In transit: "Daughters of the Dust"


Recent years have seen the rediscovery of two notable yet semi-obscured artefacts from the New Black Cinema movement that burst forth around the turn of the 1990s. Where Marlon Riggs' video essay Tongues Untied returned to light as a none-more-urgent bulletin from what was then the here and now, Julie Dash's Daughters of the Dust presents as a journey into the past - one that has been given a slingshot back into our present of well-appointed repertory cinemas and digital streaming platforms by none other than Beyoncé, who used the film as a moodboard for last year's visual album Lemonade. If it's become a touchstone for black artists over the past quarter-century, it's surely in part because the film is deeply engaged with issues of cultural independence, being an evocation of the Gullah people, those descendants of slaves who - in a little-noted sidebar of American history - landed and ended up living on islands off the coast of Georgia and South Carolina. 

We join the Gullah in 1902, at the beginning of a new century, as they began to weigh up the pros and cons of crossing over to the mainland - and integration, of a sort. Very quickly, we sense Dash means to recount not one history, but many. Although the same faces recur, Daughters unfolds as a scattering of episodes, snapshots, anecdotes and handed-down wisdoms and wives' tales rather than a straightahead narrative. It's clear that there were tensions within these settlers: the holdouts looking down on those already tempted by the mainland's money - and expressing withering disdain at the idea of purchasing bread from a store - while those blessed with children, and who might therefore feel they have roots to set down, approach the crossing with a different perspective from those who don't. Yet when the Gullah sit down to eat or share their hopes and fears, they could be gathering at the other end of the century; Dash strengthens this continuum by splitting her voiceover between the wise elder Peazant (Cora Lee Day), more alert to her tribe's heritage than most, and her unborn grandchild (Kai-Lynn Warren), viewing these events in warm, fascinated retrospect. 

There's a danger, obviously, that this might sound - or, worse still, become - rather waftily poetic, yet you can't fail to spot that what Dash is recreating here is a make-or-break moment: one where a carefully tended way of life with its own long clung-to language, customs and belief systems, was about to be set aside, more than likely to die off. We know from American history that there would be many years of struggle ahead before the Peazants would have the freedom to congregate in such large numbers or run this carefree along a sandy shore; the pristine white outfits the party wear are destined to be stained with the sweat of toil and spotted with the blood of a thousand injustices.

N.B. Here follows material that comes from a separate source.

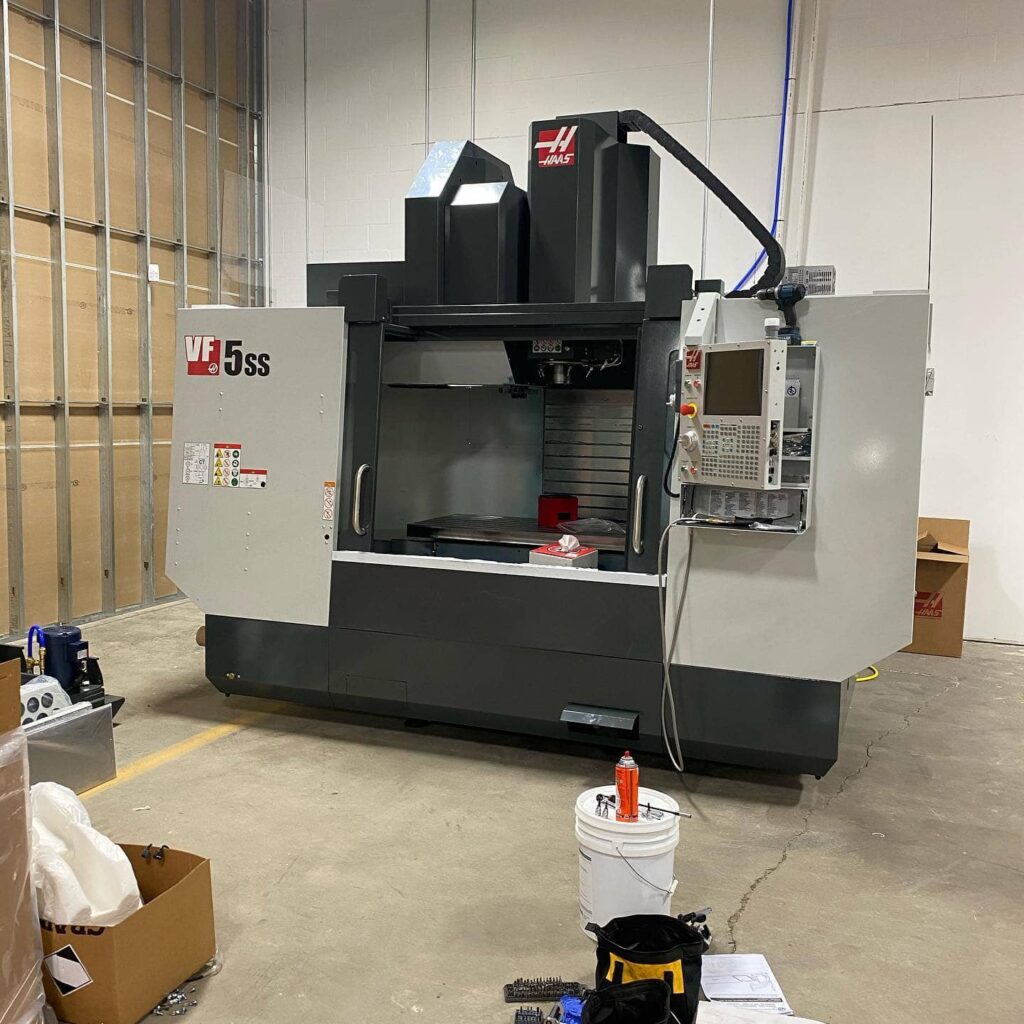 Ranier Arms HAAS VF5 SS CNC Machine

What the film represents, perhaps, is a return to innocence - and yet Dash knows that, for the sake of progress, her people had to leave this Eden behind them, painful as that leavetaking might have been.

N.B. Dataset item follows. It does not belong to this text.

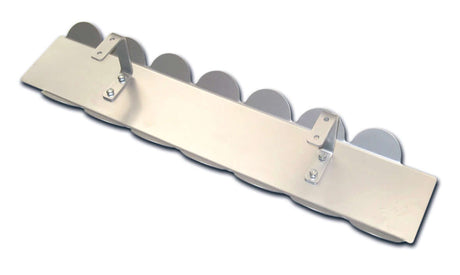 MINUTEX 574 - PORTACAVI DA SCRIVANIA VERN. GRIGIO ARGENTO MINUTEX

Given the film's reputation as a quasi-holy relic - and the benediction bestowed upon it by Lady High Slay Queen Knowles herself - it might be considered heretical to mention that some scenes have retained the starchy air of community theatre, and that certain performances err on the wobbly (though not notably wobblier, to be fair, than others in the rough-edged indie scene of this period). All this matters less, however, than the singularly languorous, sundown atmosphere Dash and cinematographer Arthur Jafa drum up, the beguiling evocation of a time and a place that were already a long way away at the point of production, and which have receded only further in the years since. When the wind first stirs the trees, and the waves begin to break over these shores, we're right back alongside these characters: granted a few hours' respite in which to take stock whether we're making this crossing (in 1902), navigating growing racial tensions in L.A. (at the time of release) or processing news of yet another death in police custody (as this reissue lands with us). How far, and how little, we've come.

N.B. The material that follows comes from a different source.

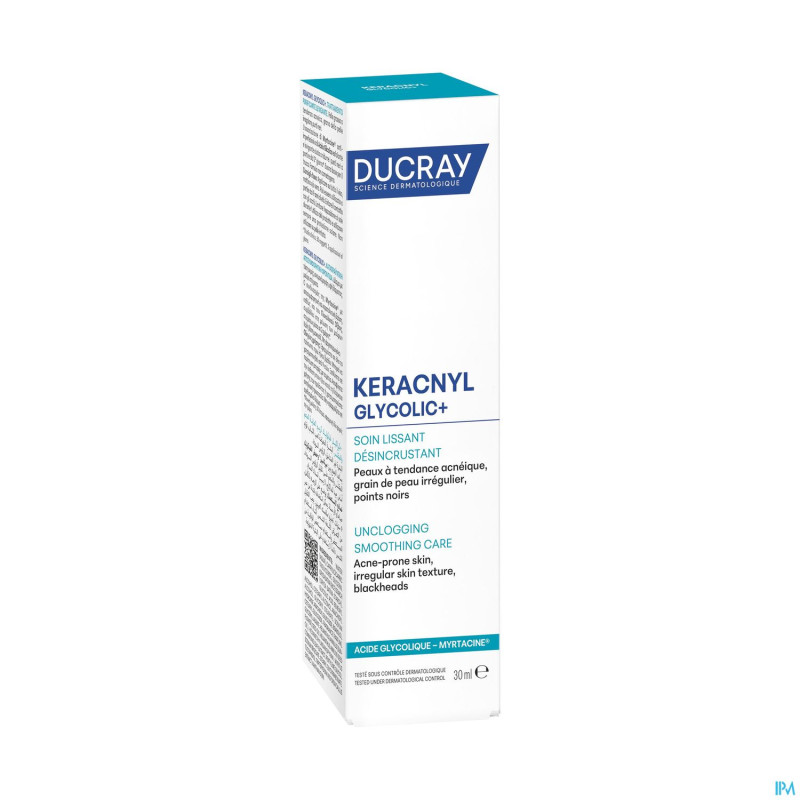 Ducray keracnyl glycolic+ creme desincrustant 30ml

We know now that Dash wouldn't make the transition to the movie mainstream that, say, Spike Lee and John Singleton - her hell-for-leather, take-no-prisoners contemporaries in this movement - would. (Why, it's almost as though the film business is institutionally skewed against women, and black women most of all.) The film-poetry she composes may in fact align her closer to a director like Charles Burnett, whose mighty 70s masterwork Killer of Sheep was just starting to be rediscovered around this period - though Burnett had to transmogrify into David Gordon Green to get anywhere near a studio showcase. None of that sad legacy should diminish from the fact that, although relatively youthful at 25 years old, Daughters of the Dust has itself passed into history - as a road concealed, and thus barely taken - and its images, like the broken glass turned up by a beachcomber, emerge as all the more gleaming for having laid buried in the sand all these years.

Daughters of the Dust is now playing in selected cinemas, and is also available to stream on Netflix.